> _What you will do_
The reply must repeat the listing below exactly and carry none of its pictures.

> _Data for analysis_
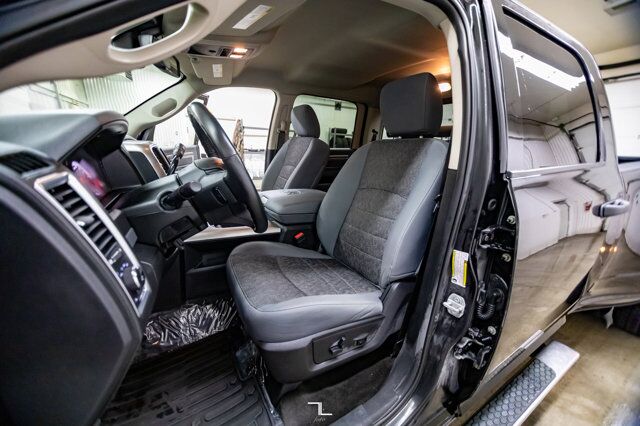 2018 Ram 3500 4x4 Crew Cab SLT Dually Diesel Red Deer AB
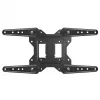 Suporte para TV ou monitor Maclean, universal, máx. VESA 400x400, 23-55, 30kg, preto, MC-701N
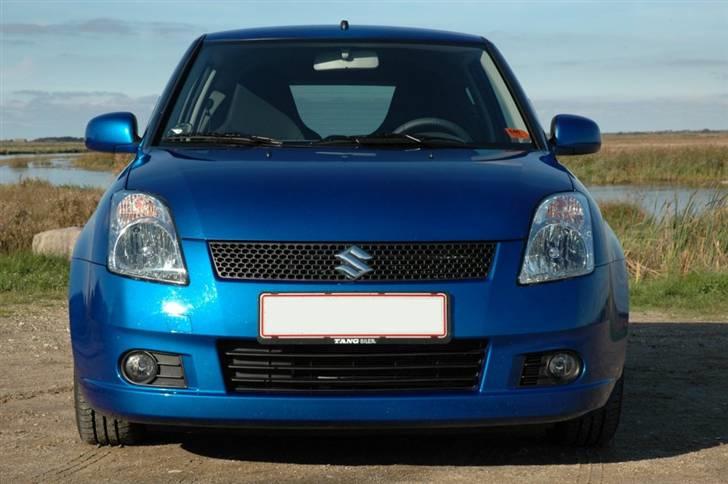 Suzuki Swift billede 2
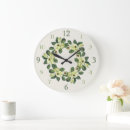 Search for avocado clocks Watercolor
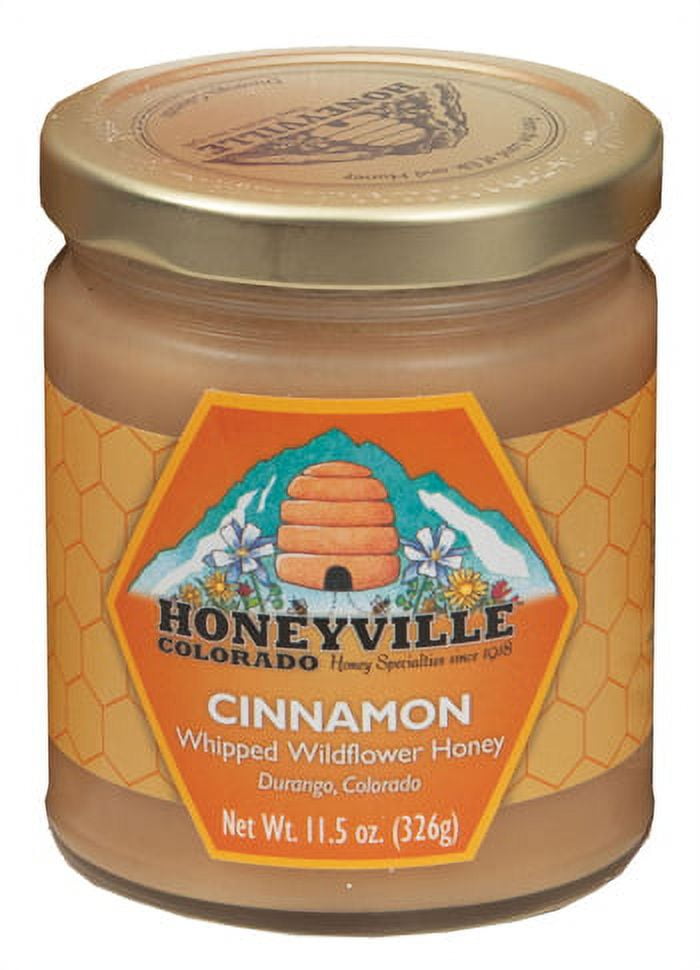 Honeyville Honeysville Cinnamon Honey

> _Your response_
 2018 Ram 3500 4x4 Crew Cab SLT Dually Diesel Red Deer AB
 Suporte para TV ou monitor Maclean, universal, máx. VESA 400x400, 23-55, 30kg, preto, MC-701N
 Suzuki Swift billede 2
 Search for avocado clocks Watercolor
 Honeyville Honeysville Cinnamon Honey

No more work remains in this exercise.